Existe, ainda, para quem só conhece Arraes de palanques e festas, o contador de casos. Eu o acompanhei, como amigo e jornalista, numa longa viagem de automóvel até um comício no interior. Arraes era, então, candidato a governador pela segunda vez. Quando cansávamos os dois de falar de política, ele rememorava casos ocorridos na zona de sertão onde passávamos. Vou só contar o melhor. Um dos "coronéis", outrora mandões e soberanos naquele sertão, era coiteiro de Lampião. Quer dizer: o coronel e o cangaceiro tinham um "gentlemen's agreement". Lampião respeitava a fazenda do coronel e, quando necessário, nela se abrigava. Certa vez, quando acoitado na fazenda, Lampião precisou se afastar para assunto urgente. E deixou na fazenda, por uns dias, Maria Bonita, que -vejam só as peças que o destino prega às pessoas- se apaixonou pelo Ford Bigode que o fazendeiro acabava de comprar. Maria quis aprender a dirigir. E desde a primeira lição de motorista começou a fazer olhos ternos ao coronel. Que entrou em pânico.

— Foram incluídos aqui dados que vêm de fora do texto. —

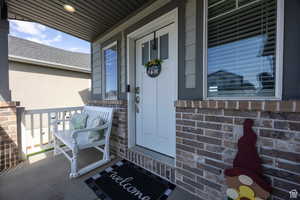 Property entrance with a porch and brick siding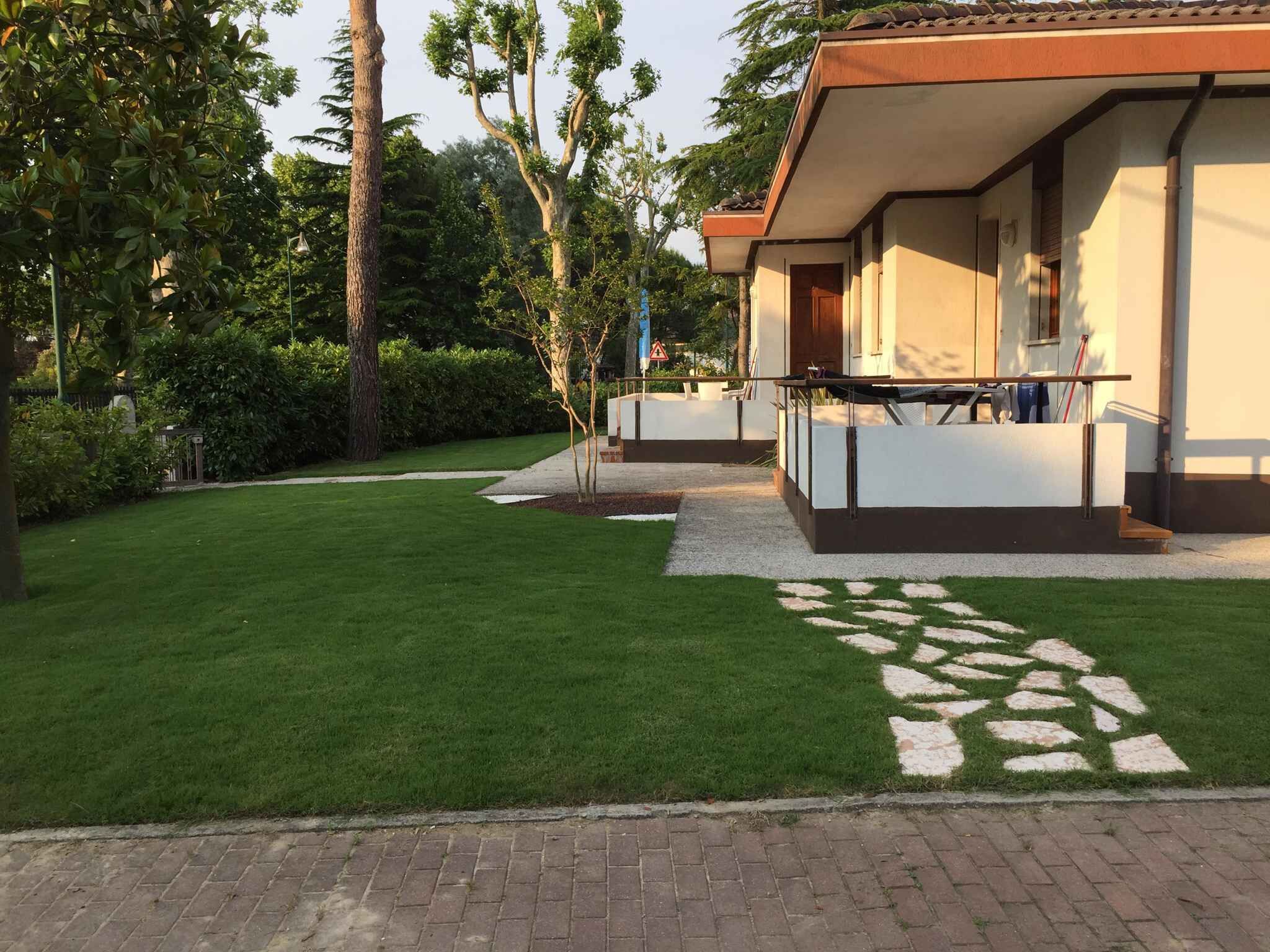 A modern house with a well-maintained lawn and a paved driveway leading to the entrance.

"Maria parece que era mesmo bonita", terminou Arraes, mas o coronel pretextou um mal súbito e foi passar dias no Recife. Mal maior que ter um caso com a mulher de Lampião não havia.
Arraes não conheceu pessoalmente o poeta Carlos Drummond de Andrade. Mas citou o poeta inúmeras vezes, em discursos, no prefácio que fez, ao voltar do exílio, para a segunda edição do meu livro "Tempo de Arraes": "Quanto ao Brasil, volta-nos sempre -e sempre citamos- o apelo de Carlos Drummond de Andrade, no seu 'Hino Nacional': 'Precisamos descobrir o Brasil (...)/ se bem que seja difícil compreender o que querem esses homens/ por que motivo eles se ajuntaram/ e qual a razão dos seus sentimentos. (...)/ Nenhum Brasil existe. E caso existirão os brasileiros?'±".
Gosto de imaginar o encontro que não houve entre esses dois homens reservados, de fala cordial e mansa. Drummond tinha muito do sertanejo de Araripe, e Arraes podia ter sido criado na paisagem férrea de Itabira. E o traço familiar que une os dois é, naturalmente, o sentimento do mundo e do lugar que o Brasil tarda tanto a ocupar neste mundo. Não estou exagerando a força desse sofrimento compartilhado, que calou tão fundo em Arraes.
Eleito pela terceira vez governador de Pernambuco, em 1994, Arraes pronunciou o belo discurso que é um dos últimos reproduzidos neste volume. O discurso acaba assim:
"Ao longo dos tempos, o povo de Pernambuco legou aos brasileiros lições de unidade política e capacidade de trabalho. Saberemos mais uma vez honrar este passado. Tenho o que tinha antes, ao apresentar-me hoje a esta Casa, pela terceira vez, enriquecido pelo que me deu a vida e pelo que me marcou o destino. Nada além, como ensinou o poeta, do que duas mãos, o sentimento do mundo e a certeza renovada na capacidade do povo em fazer sua História".